This is so new.

This is so new for me... Please join the discussion. I would love to hear your thoughts.

Saturday, March 13, 2010

Linda Parelli uses pain in training a horse, and she doesn't know it.

I don't know Parelli training. I do know Linda Parelli inflicts pain on this horse. She slaps the horse's legs, hindquarters, and face, with a line. Never does she have the attention of the horse in a way that "reaches" him. Never does he experience and react as if he understands proper positive instant consequences and negative instant consequences. Never does he learn to trust her more. She tells the owner to watch out and move away because she might get hit by the line Linda is using to hit the horse. Linda understands the owner would get hurt. How does she evade applying the same logic to the horse?



Apparently this video was not posted legally, but Linda Parelli has posted a response to it on her blog, so perhaps she will allow it to remain on the web. As of this writing, there are 211 comments on her blog. I recommend reading all of them.

Linda Parelli's Blog

From Linda's response, "We had to get through to him..." "I had to increase the intensity until it matched the intensity of his fear, which was dangerously high." She reports the horse showed great improvement through the training course. The owner comments on the blog that she thought the training was positive.

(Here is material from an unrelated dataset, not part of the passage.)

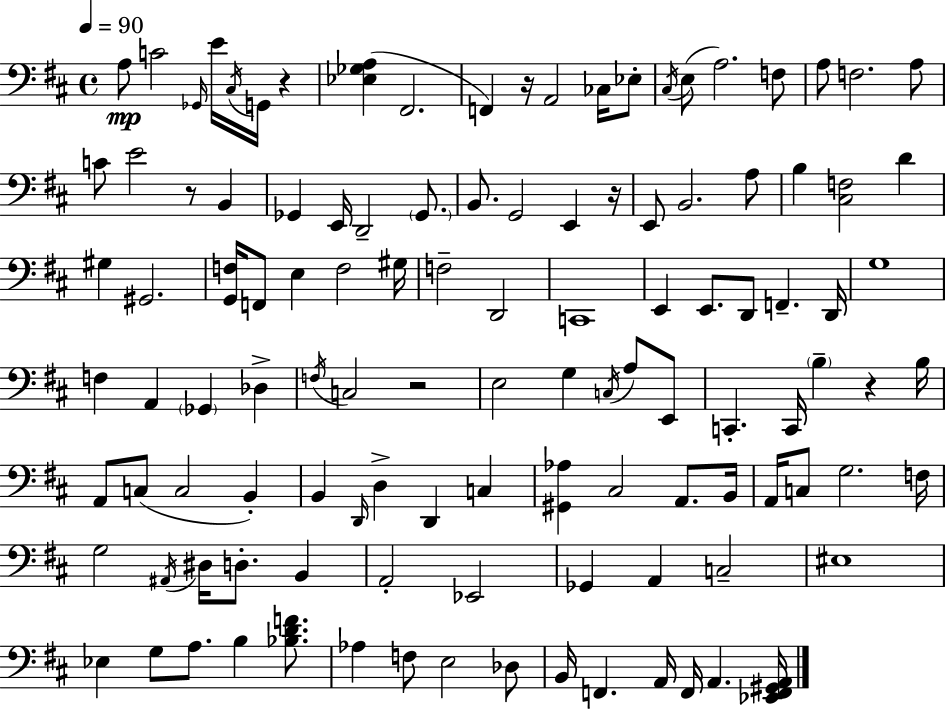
A3/e C4/h Gb2/s E4/s C#3/s G2/s R/q [Eb3,Gb3,A3]/q F#2/h. F2/q R/s A2/h CES3/s Eb3/e C#3/s E3/e A3/h. F3/e A3/e F3/h. A3/e C4/e E4/h R/e B2/q Gb2/q E2/s D2/h Gb2/e. B2/e. G2/h E2/q R/s E2/e B2/h. A3/e B3/q [C#3,F3]/h D4/q G#3/q G#2/h. [G2,F3]/s F2/e E3/q F3/h G#3/s F3/h D2/h C2/w E2/q E2/e. D2/e F2/q. D2/s G3/w F3/q A2/q Gb2/q Db3/q F3/s C3/h R/h E3/h G3/q C3/s A3/e E2/e C2/q. C2/s B3/q R/q B3/s A2/e C3/e C3/h B2/q B2/q D2/s D3/q D2/q C3/q [G#2,Ab3]/q C#3/h A2/e. B2/s A2/s C3/e G3/h. F3/s G3/h A#2/s D#3/s D3/e. B2/q A2/h Eb2/h Gb2/q A2/q C3/h EIS3/w Eb3/q G3/e A3/e. B3/q [Bb3,D4,F4]/e. Ab3/q F3/e E3/h Db3/e B2/s F2/q. A2/s F2/s A2/q. [Eb2,F2,G#2,A2]/s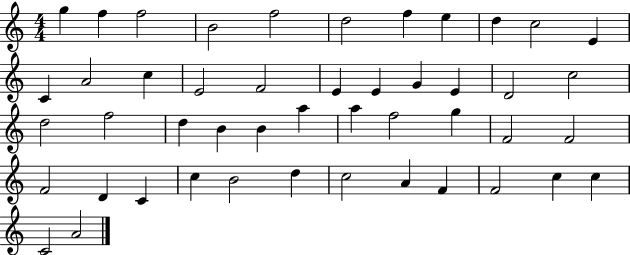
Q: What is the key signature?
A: C major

How can Linda Parelli not see she inflicted pain?

Many traditional training methods use the equation that if a technique produces a compliant and improved horse, the technique was justified. Many champion horses were subjected to pain in their training histories.

Why is it so hard to recognize that inflicting pain on a horse is not okay? That the ends do not justify the means?

When I saw Monty Roberts working with horses publicly at the Cow Palace in San Francisco, in the 1990s, he did not use pain. The contrast between how he worked and how I had been taught myself and seen other traditional trainers work, was an intense shock to my system. I had been wearing blinders and they came off. I had a kind of psychological collapse; I was shaking and in shock. Painful awakenings do that to a person.

Monty talks in his books about a typical audience member he often meets at his demonstrations. Women come up to him afterward and explain, with trembling voice and fear, that they had experienced abuse in their relationships. They feel compelled to tell him this because they recognize him for standing strong on the principle that no one has the right to hurt anybody or any animal, for any reason.

I was never abused in an my adult relationships but I was abused as a child. Even with many years of personal work, another layer of the onion peeled off when I watched Monty. My sense is that how one comes to open to seeing the truth, is a tender and vulnerable process for each person individually.

In the meantime, please let's talk about how how to recognize what is happening when one inflicts pain on a horse. What is happening for the horse, and the human.